Drei Räume, drei Charaktere, ein Job: Kanzler. Stets wandelten sich die Büros der deutschen Regierungschefs mit ihren Besitzern. Legendär war die Elefantensammlung von Endloskanzler Helmut Kohl. Nachfolger Gerhard Schröder ließ seinen Vater für sich werben – einfach, indem er ein Schwarz-Weiß-Foto des Kriegsgefallenen auf seinem Schreibtisch platzierte. Angela Merkel wiederum präsentiert sich in einem nüchternen Arbeitsumfeld mit wenig Privatem: hinter sich ein Porträt von CDU-Übervater Adenauer, neben sich ein Globus. Das Büro als Understatement.

Ob wir es wollen oder nicht: Jedes Büro spricht mit seinen Besuchern. Die Pflanzen in der Ecke, die Bilder an der Wand oder das Chaos auf dem Tisch – all diese Details verraten, welcher Typ Mensch hier arbeitet. So sitzt ein kreativer Kopf selten im schweren Eichensessel. Und kein Bankenvorstand lädt zum vertraulichen Gespräch an einen Besprechungstisch, den er aus dem eigenen Surfbrett entworfen hat.

Solche Status- und Charakter-Indizien nimmt aber jeder von uns unbewusst und binnen Sekundenbruchteilen wahr, sobald er einen fremden Raum betritt.
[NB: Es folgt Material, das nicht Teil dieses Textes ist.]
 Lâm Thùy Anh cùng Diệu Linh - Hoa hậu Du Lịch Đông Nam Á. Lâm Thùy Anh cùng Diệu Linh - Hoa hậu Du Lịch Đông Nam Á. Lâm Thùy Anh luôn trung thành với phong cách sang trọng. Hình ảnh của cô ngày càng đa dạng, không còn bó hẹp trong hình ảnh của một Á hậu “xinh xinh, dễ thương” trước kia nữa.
So schickte der US-Psychologe Samuel Gosling von der Universität Austin-Texas Probanden in die Büros wildfremder Leute. Nach dem Besuch sollten sie die Persönlichkeit des abwesenden Bewohners einschätzen. Alle kamen der Wirklichkeit erstaunlich nahe. Dabei beurteilten sie die Besitzer anhand ihrer Kaffeetassen, Papierstapel und Drehstühle sogar treffender als deren beste Freunde.
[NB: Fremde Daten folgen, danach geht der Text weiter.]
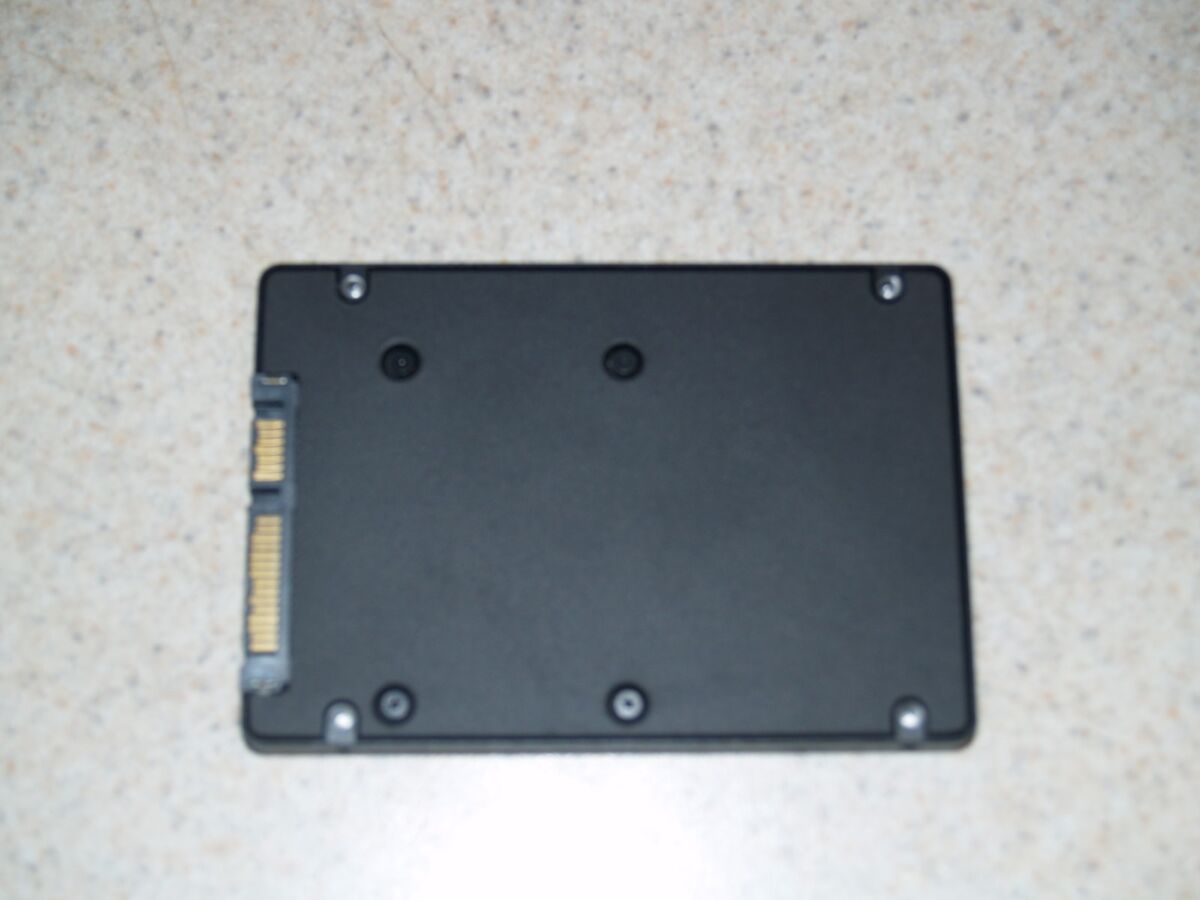 Samsung 128GB SSD SATA Hard Drive MZ7PD128HCFV-000H1 MZ Samsung 128GB SSD SATA Hard Drive MZ7PD128HCFV-000H1 MZ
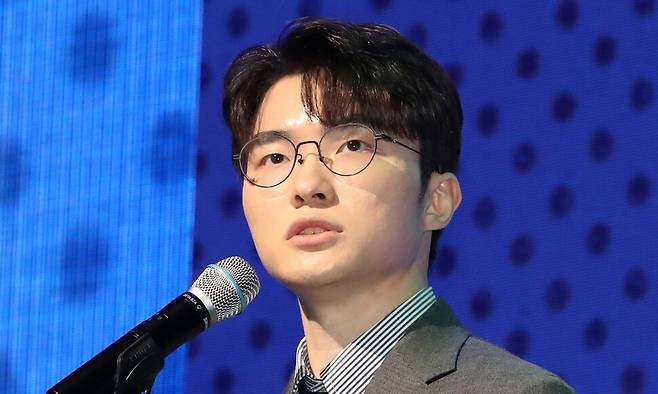 프로게이머 페이커 이상혁이 20일 서울 중구 소공동 웨스틴 조선호텔에서 외교부 주최로 열린 ‘2024 글로벌 혁신을 위한 미래대화’에서 기조연설을 하고 있다. 연합뉴스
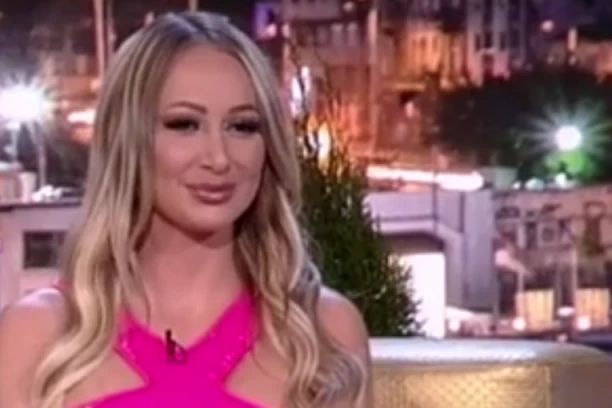 BILA SAM SA LUKASOM: Maca Diskrecija ŠOKIRALA priznanjem, a onda nakon izjave o intimnim odnosima nastupio MUK!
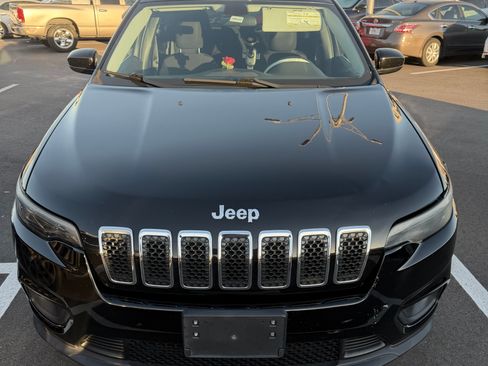 Used 2019 Jeep Cherokee Latitude w/ Cold Weather Group image 5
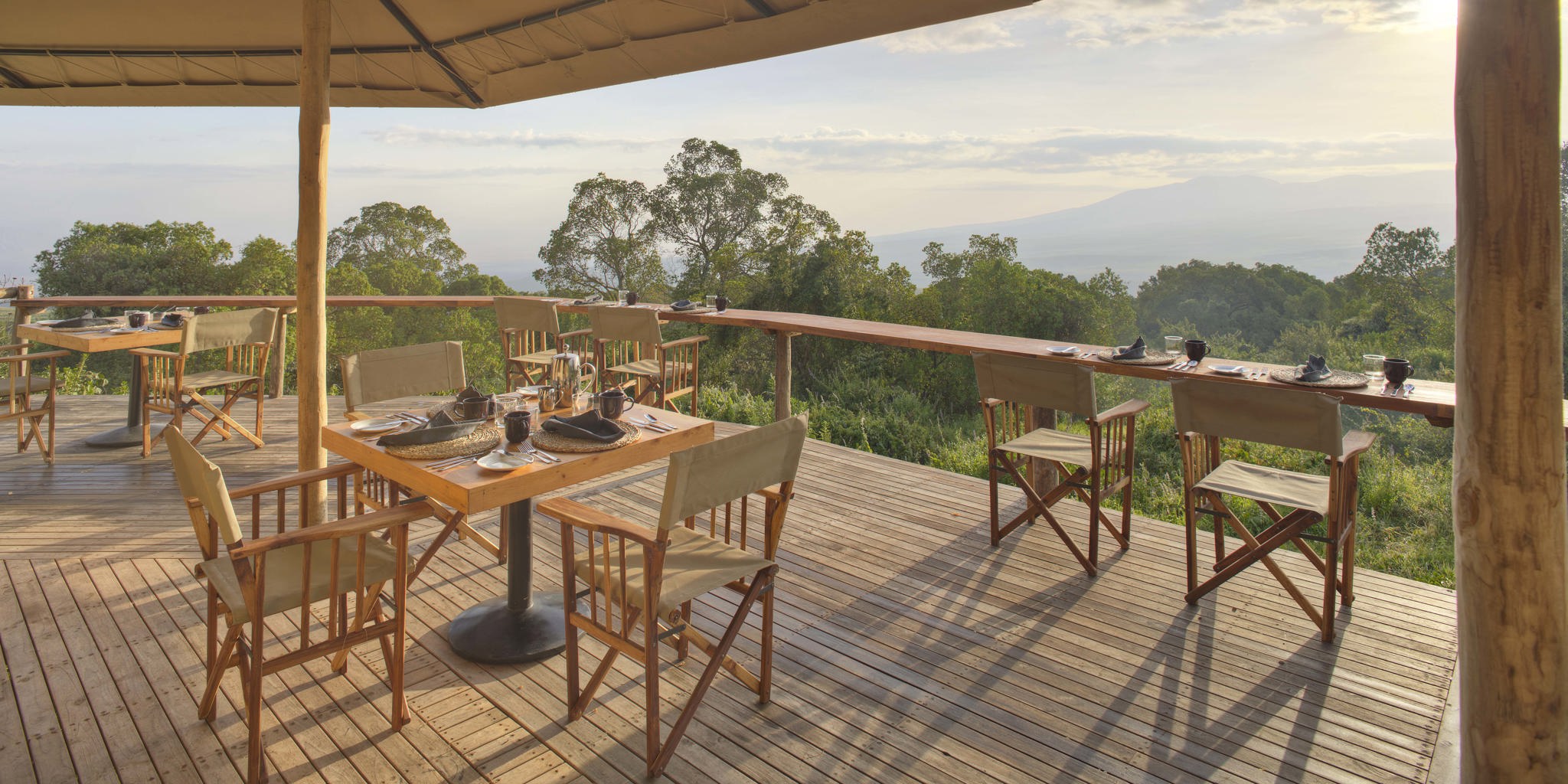 the-highlands-breakfast-on-deck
Nach zehn Jahren Forschung ist Gosling überzeugt: „Die Art, wie wir unsere Umgebung gestalten, spiegelt unser Inneres wider.“ Die Botschaften sind zwar teilweise banal – dafür wirken sie fundamental: Wer etwa viele Bücher im Schrank hat, erscheint gebildet, weise, smart – auch wenn die Bände ungelesen sind. Wer Bilder aktuell angesagter Künstler an seine Wand hängt, wirkt kreativer und lebensfroher als der Kollege im kahlen Nachbarzimmer. Ein imposanter Schreibtischstuhl macht selbst Subalterne mächtiger. Und wer im Büro Filofax, Telefon, Uhr und Laptop stets im Blick hat, erscheint uns bestens organisiert – allerdings nur, wenn er auch daran denkt, in den zur Schau gestellten Kalender ein paar Termine einzutragen.
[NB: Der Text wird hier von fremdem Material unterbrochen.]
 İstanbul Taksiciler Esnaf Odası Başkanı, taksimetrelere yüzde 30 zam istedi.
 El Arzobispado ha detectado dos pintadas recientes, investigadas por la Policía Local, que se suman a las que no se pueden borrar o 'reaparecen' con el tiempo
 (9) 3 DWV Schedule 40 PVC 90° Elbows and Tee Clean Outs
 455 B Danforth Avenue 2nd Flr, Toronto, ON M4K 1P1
Gewissenhaftigkeit wird in der Arbeitswabe genauso sichtbar wie die Verbundenheit zu dem Unternehmen und Leidenschaft für den Job. So strahlen eine Partyfoto-Kollektion oder eine Voodoo-Puppe, die dem Chef verdächtig ähnlich sieht, wohl kaum Loyalität oder Verantwortungsgefühl aus. Wer große Strandaufnahmen oder zu viele Urlaubsfotos aufhängt, signalisiert wiederum, dass er sich vom Arbeitsplatz wegträumt. Und die Spielzeugsammlung aus Ü-Eiern sagt potenziellen Gästen nur: Hier haust ein Eierkopp.

Wer regelmäßig Kunden, Kollegen und den eigenen Chef empfängt, sollte deshalb prüfen, welche Signale sein Büro sendet, und womöglich einige Korrekturen vornehmen. „Sobald jemand verstanden hat, dass er den Eindruck, den sein Büro hinterlässt, auch manipulieren kann, kann er Botschaften senden, die über das hinausgehen, was er tatsächlich ist“, sagt die britische Verhaltenspsychologin Donna Dawson.

Nahezu 90 Prozent der amerikanischen Arbeitnehmer personalisieren ihre Büros oder Cubicals, so eine Untersuchung der Eastern-Kentucky-Universität. Für Deutsch-land liegen zwar keine vergleichbaren Studien vor, aber das Ergebnis dürfte ähnlich ausfallen. Die Gründe dafür sind unterschiedlich: In den meisten Fällen dient das Dekor zusätzlichem Komfort. Umgeben von vertrauten Dingen, fühlen sich Arbeitnehmer automatisch wohler und sind dadurch meist produktiver. Zugleich markieren die privaten Gegenstände eine Art Territorium: Wer hier eindringt, tritt in einen privaten Schutzraum.

„Jeder Raum enthält zwei grundsätzliche Objekttypen“, sagt Gosling: Identitätskörper, die der Bewohner bewusst dort drapiert hat und mit denen er sich ausdrücken will, wie etwa Bilder, Schmuckstücke oder Trophäen – und Verhaltensrückstände, die unbewusst Rückschlüsse auf seinen Charakter zulassen, wie etwa ein vollgekritzelter Tischkalender oder Unordnung. Im Arbeitsumfeld spricht sogar das Ausmaß der Personalisierung selbst Bände: Je wohnlicher das Zimmer, desto größer das Wohlfühlbedürfnis des Mitarbeiters, desto mehr fühlt er sich dort aber auch zu Hause. Das Büro avanciert zum (zweiten) Heim.